The storage vendors spend enormous time and money qualifying disk drives. Disk drive qualification often takes months to confirm performance, reliability and error handling. So if you were a vendor and you made a controller that, say, does 500,000 IOPS, do you need a single SSD can do 100,000+ IOPS? And likely not even if the controller does 1,000,000 IOPS.

So there are two points here:

1) Storage vendors do not want to spend time and money doing qualifications on unknown drives. I think that they rather buy drives from the two big players (Seagate and WD and maybe the third vendor Toshiba) rather than qualifying another vendor’s SSD. There needs to be a very good cost reason to do use an SSD from an SSD vendor that you are not buy disk drives from.

2) Controller vendors do not 100K IOPs SSDs. The performance of these drives overruns the performance of the controller.

As I have said for a very long time, there is going to be consolidation in the SSD market space.
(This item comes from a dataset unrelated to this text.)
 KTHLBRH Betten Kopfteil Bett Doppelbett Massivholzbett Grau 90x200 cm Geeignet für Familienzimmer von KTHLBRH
We have just seen the beginning over the last year of that consolidation.

It’ a given that most controllers can be saturated by even a small number of SSDs from the traditional disk drive vendors, which have notably less performance than the first crop of enterprise SSDs (you know the vendors). Maybe the traditional disk drive vendors know this and are producing SSDs per the specifications of the controller vendors. Either way the traditional disk drive vendors have a significant advantage and will continue to have that advantage.